Treat the line containing "Premium Red Cedar" as the last one, and return every line exactly from the first line of the material below up to it.

***** DATASET EXCERPT *****

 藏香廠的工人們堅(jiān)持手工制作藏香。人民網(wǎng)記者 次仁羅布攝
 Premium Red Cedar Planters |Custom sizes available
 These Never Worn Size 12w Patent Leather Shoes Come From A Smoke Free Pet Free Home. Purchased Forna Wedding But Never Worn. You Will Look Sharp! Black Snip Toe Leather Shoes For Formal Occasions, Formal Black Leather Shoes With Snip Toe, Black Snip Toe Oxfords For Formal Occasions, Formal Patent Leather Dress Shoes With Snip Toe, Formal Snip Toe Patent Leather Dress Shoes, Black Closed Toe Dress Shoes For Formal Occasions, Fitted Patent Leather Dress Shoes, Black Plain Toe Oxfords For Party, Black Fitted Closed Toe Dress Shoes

*****

» **RESPONSE TO THE EXERCISE**:
 藏香廠的工人們堅(jiān)持手工制作藏香。人民網(wǎng)記者 次仁羅布攝
 Premium Red Cedar Planters |Custom sizes available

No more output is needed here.